Why does Israel resist the placement of UN observers and peace keepers?
In the long-running war between Israel and the Palestinian Arabs, the suggestion is often raised to interpose “neutral international observers” or “a UN force” to keep the peace between the parties. Israel has opposed such a move and takes a lot of heat from “world opinion” because of that opposition. The simplistic view is that such observers would defuse the situation and Israel must oppose them because Israel has something to hide.
In fact, Israel has opposed the presence of UN observers because past experience has shown that UN observers are ineffective and often biased against Israel. UN observers have been in Hebron since 1994 (the TIPH), in Lebanon since 1978 (UNIFIL), and in the Golan Heights since 1974 (UNDOF). In each location they have been unable or unwilling to stem the violence against Israel or bring pressure against the Arab parties violating agreements.
A UN Emergency Force was stationed in Sinai in the 1950s to serve as a buffer between Israel and Egypt. In 1967, in the prelude to the Six Day War, Egypt ordered them to leave, which they did, leaving the field open for Egypt’s threatened aggression.
In 2000 Hizbollah terrorists crossed the border from Lebanon to Israel and abducted soldiers from sovereign Israel. Not only did the UN presence not prevent the abduction but also it later emerged that the UN peacekeepers had important evidence that they withheld from Israel.

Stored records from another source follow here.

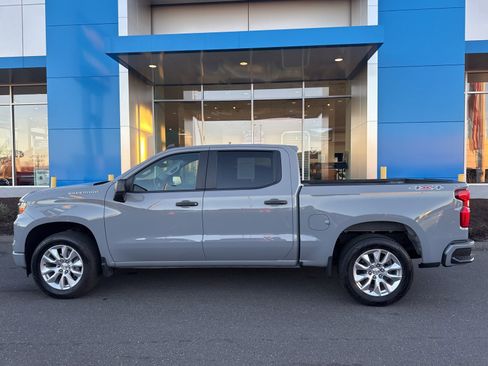 Used 2024 Chevrolet Silverado 1500 Custom image 9
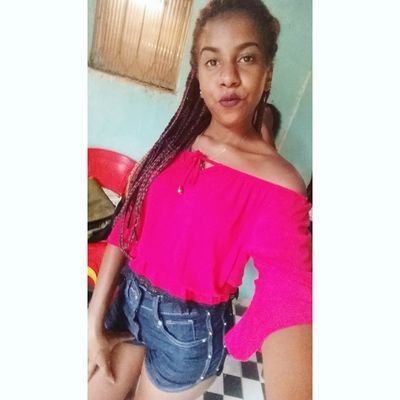 Acredito muito nas voltas que o mundo dar e um dia dar a volta certa♥
16 anos♥
capricorniana♥
ama música♥
Facebook: mariana campos.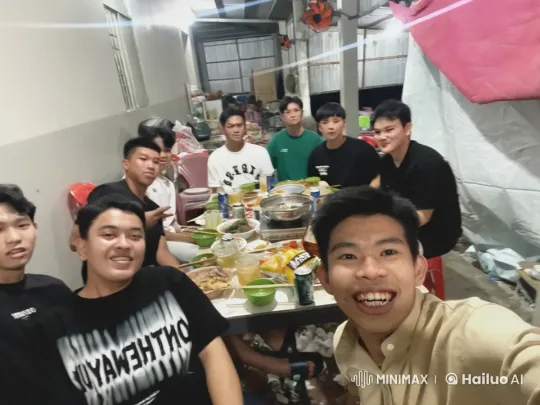 Friends' Meal Turns Into Impromptu Martial Arts Display – AI Generated Video | Hailuo AI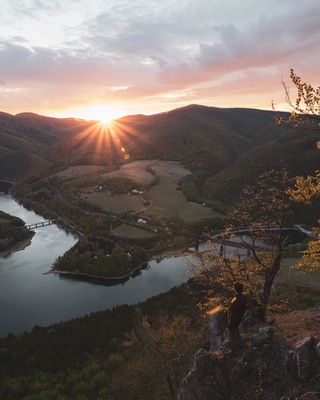 Holica or aka Napoleons hat is not very known place in Slovakia but it offers beautiful view on water reservoir Ružín. Its little bit hard to find. There are almost none markings but I recommend to hike there from Mala Lodina. Use satelite google maps to help yourself find it :)
#LocalSecrets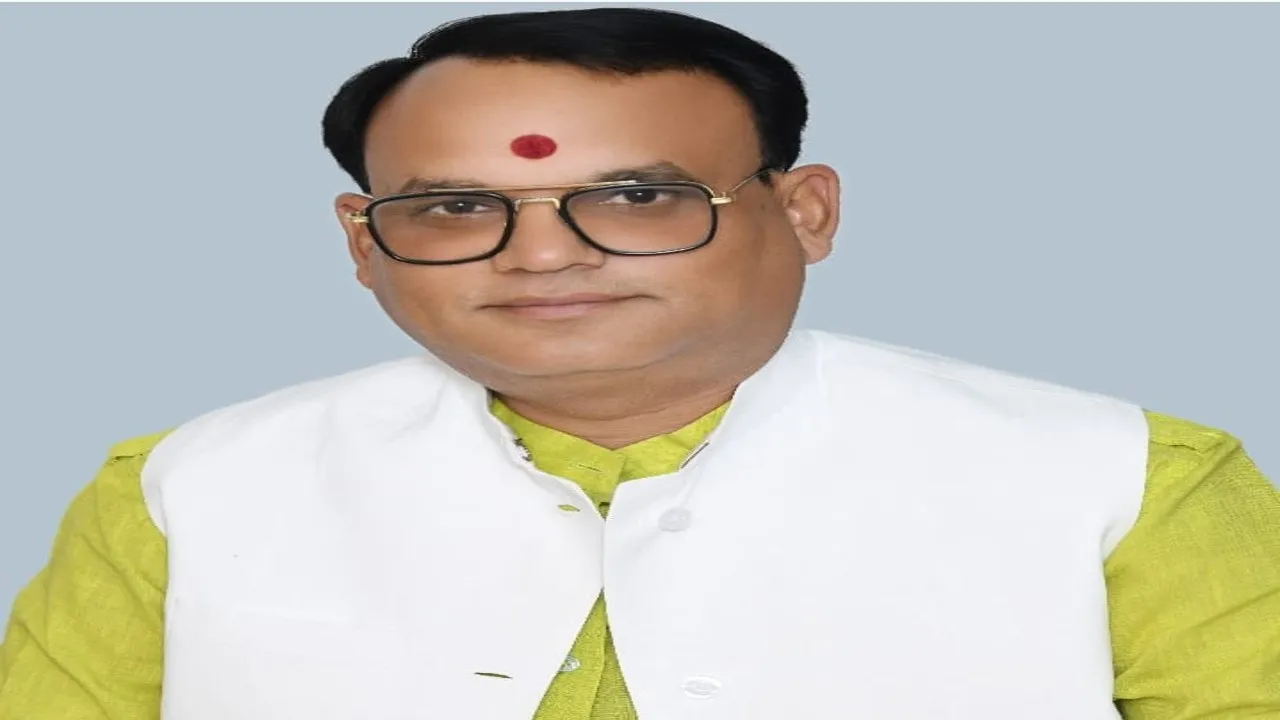 लखनऊ: धर्म पर बोले रौशन सिंह, कहा- सत्य, अहिंसा, दया, क्षमा और दान है सनातन का सही अर्थ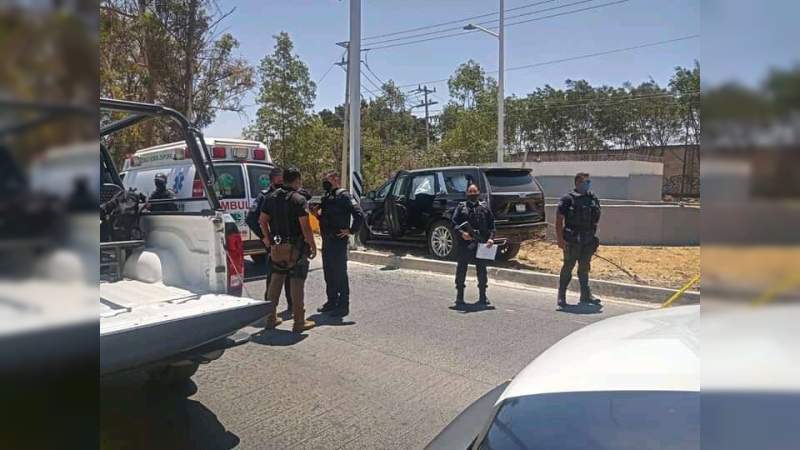 Matan a hermano, cuñada y sobrino del cantante Alfredo Olivas en Zapopan, Jalisco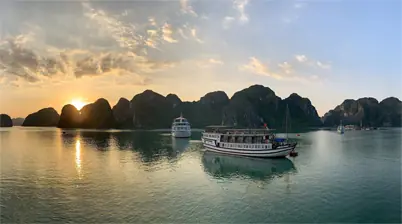 Cruise in Halong Bay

In addition to the ineffectiveness of observers, Israel also opposes the imposition of observers because UN involvement undermines the peace process. The peace process is based on the idea of direct negotiations between the parties. Whenever the UN attempts to impose solutions or passes resolutions of condemnation, to either side, they undermine direct negotiations. Add to that the fact that the UN has been heavily biased against Israel for decades and cannot be trusted with matters that are vital to Israel’s survival.